Un punto d’incontro tra creditori e Atene – se sarà confermato dal parlamento ellenico e dalle istituzioni europee convocate per questo fine settimane – era obbligato. L’accordo era necessario per scongiurare per prima cosa uno strappo alla moneta unica ed evitare un fallimento incontrollato dello Stato greco. “Abbiamo un mandato per strappare un accordo migliore rispetto a quello dell’ultimatum dell’Eurogruppo, ma non abbiamo certo un mandato per portare la Grecia fuori dall’eurozona”, ha affermato Tsipras davanti al suo parlamento. Parole che certificano che due settimane fa i negoziatori greci si erano spinti oltre e la situazione rischiava seriamente di sfuggire di mano. Il default, e i cittadini fiaccati da più di dieci giorni di chiusura delle banche lo hanno intuito benissimo, sarebbe pesato per prima cosa sulla popolazione più debole con l’implosione del sistema finanziario e poi di quello economico, già fiaccato da cinque anni di crisi profonda. La seconda conseguenza sarebbe stata l’inizio dello sgretolamento del processo d’integrazione europea, che non è – meglio sottolinearlo – solo l’euro o una visione economicista dell’Europa.
Nel dettaglio la bozza di proposte va dalla rimodulazione delle aliquote Iva (6%; 13%; 23%), alla privatizzazione degli aeroporti regionali e dei porti. Quelli strategici del Pireo e di Salonicco, per uno dei pochi settori economici che ancora funziona, sono di fatto già opzionati dai cinesi della Cosco. Sul fronte Iva si elimina lo sconto del 30% sulle aliquote delle isole. La controversa tassa sugli immobili verrà mantenuta e si aumenteranno gli sforzi per combattere l’evasione fiscale. Al tempo stesso l’amministrazione finanziaria diventerà un organismo indipendente. Questo dovrebbe permettere una gestione più equa della riscossione dei tributi e soprattutto evitare una disparità di trattamento tra contribuenti forti (le fasce più agiate) e quelli deboli. Si aumentano le imposte sugli utili societari dal 26 al 28%. C’è pure un tentativo di ridurre le spese militari (praticamente mai toccate dai precedenti governi) e di far contribuire gli armatori – altra casta praticamente intoccabile – alle spese dello Stato con un aumento della cosiddetta imposta di tonnellaggio. Infine è stato toccato anche l’aspetto più spinoso: la riforma delle pensioni. Nelle intenzioni del governo l’età pensionabile ordinaria passerà a 67 anni entro il 2022 e chi si ritira in anticipo perderà il 10% della rendita prevista. Anche le cosiddette ‘baby-pensioni’ dovrebbero diventare gradualmente un ricordo.

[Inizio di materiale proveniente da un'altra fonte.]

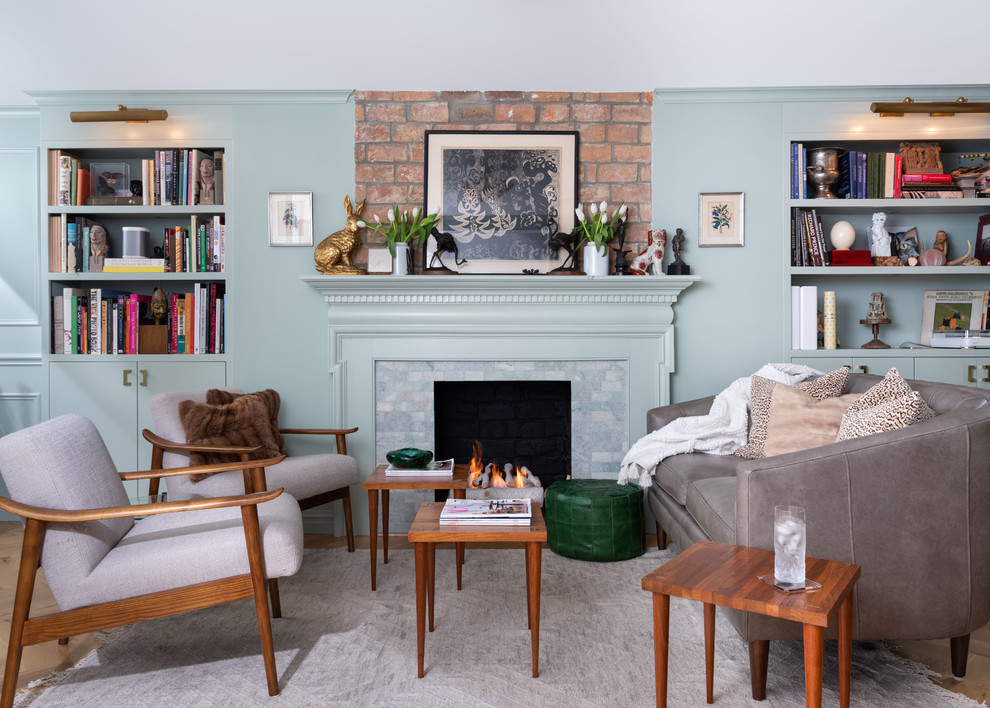 This is an example of a mid-sized eclectic open concept living room in New York with green walls, light hardwood floors, a standard fireplace, no tv, a library and a tile fireplace surround.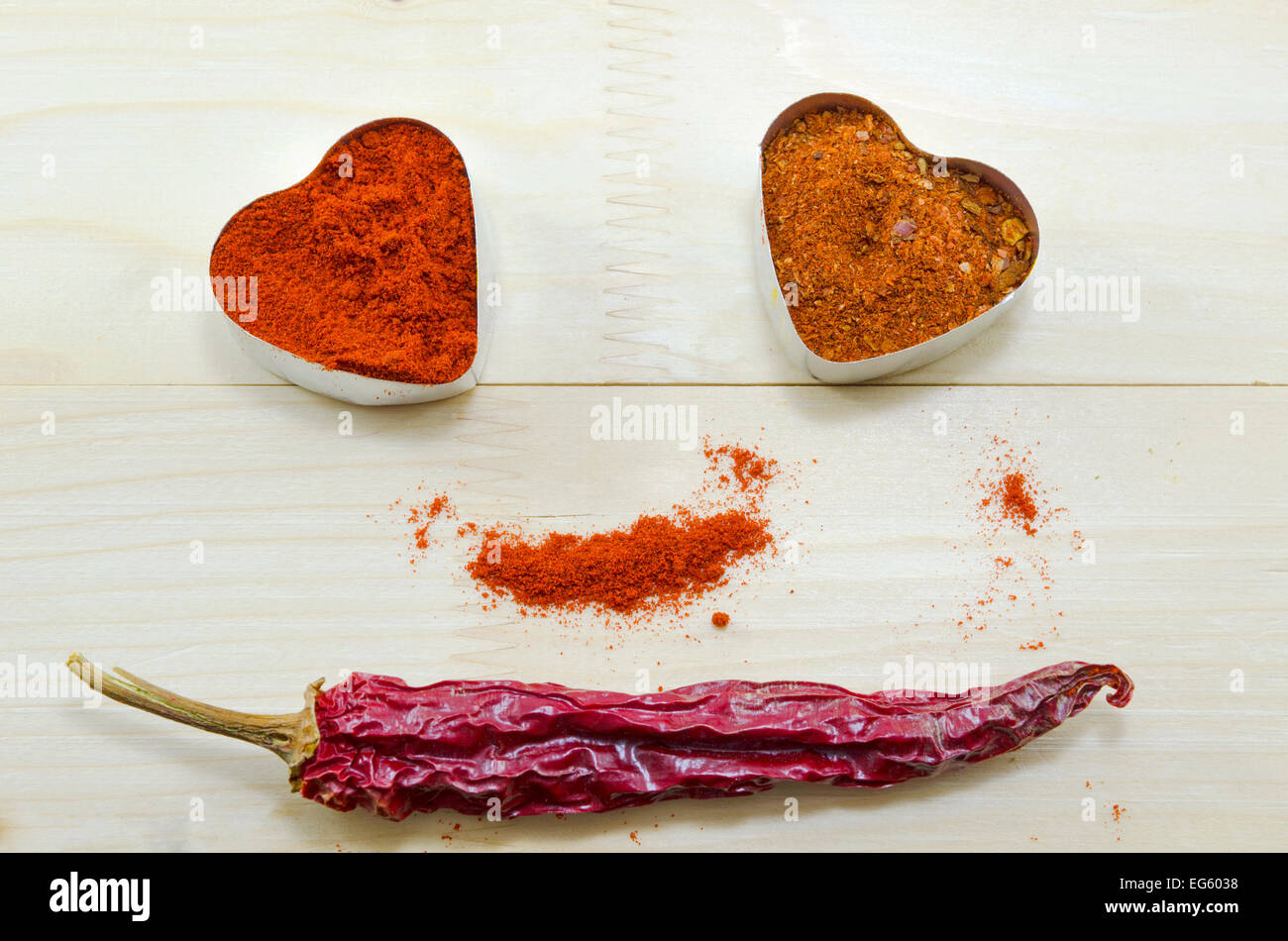 Getrocknete Paprika und Pfeffer in Herzform Container auf einem Holztisch, bilden ein Smiley-Gesicht Stockfoto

In totale la manovra dovrebbe incidere per 13 miliardi di euro suddivisi su due anni e l’impatto sui conti pubblici dovrebbe generare un surplus primario (saldo tra entrate e uscite al lordo degli interessi sul debito) di 1, 2, 3, e 3,5% dal 2015 al 2019.

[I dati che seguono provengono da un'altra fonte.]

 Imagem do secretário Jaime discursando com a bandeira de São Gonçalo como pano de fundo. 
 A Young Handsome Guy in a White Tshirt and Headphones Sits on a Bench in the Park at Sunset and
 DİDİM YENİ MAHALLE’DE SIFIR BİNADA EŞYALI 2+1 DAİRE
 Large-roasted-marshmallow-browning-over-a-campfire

In cambio Atene chiede 53,5 miliardi di euro di nuovi prestiti per onorare le scadenze del maxi-debito fino al 2018. Inoltre l’accesso a 35 miliardi di fondi strutturali e agricoli dell’Ue per stimolare la crescita e l’occupazione. Un taglio del debito dovrebbe essere escluso anche se i creditori, come auspicato dallo stesso presidente del Consiglio Ue Donald Tusk e dalla direttrice del Fondo monetario internazionale Christine Lagarde, dovrebbero concedere misure per rendere più sostenibile il debito greco.

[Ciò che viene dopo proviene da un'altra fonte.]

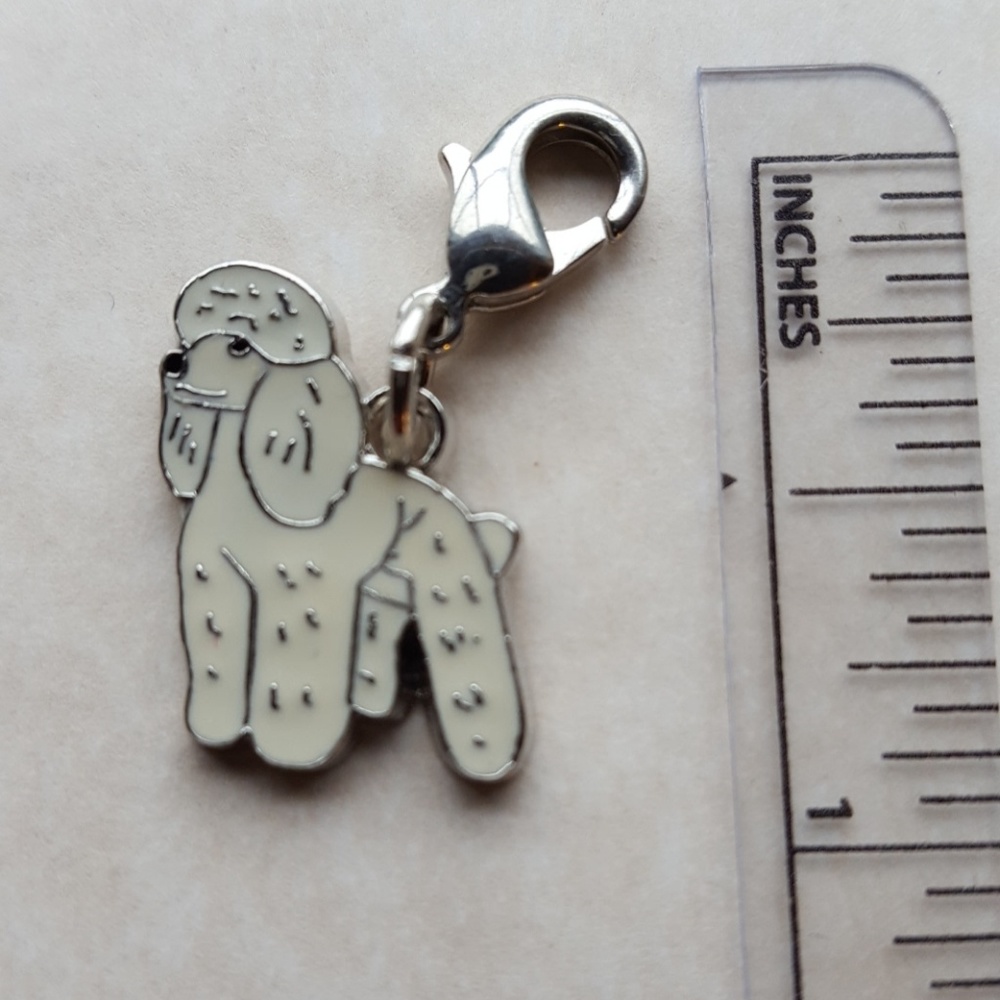 Poodle white enamel  charm with lobster claw clip.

Ora la palla – per usare un termine calcistico abusato in queste due settimane folli – passa nel campo delle istituzioni europee che potrebbero già dare il via libera oggi al terzo pacchetto di salvataggio. Ma la partita, questa volta politica, si gioca anche ad Atene. Il passaggio parlamentare, grazie all’appoggio dell’opposizione moderata (Nea Democratia) e all’ala meno intransigente di Syriza, dovrebbe essere garantito. Il rischio però è che si sfaldi la coalizione di governo e la domanda che si faranno i cittadini sarà: ma su cosa abbiamo votato domenica 5 luglio?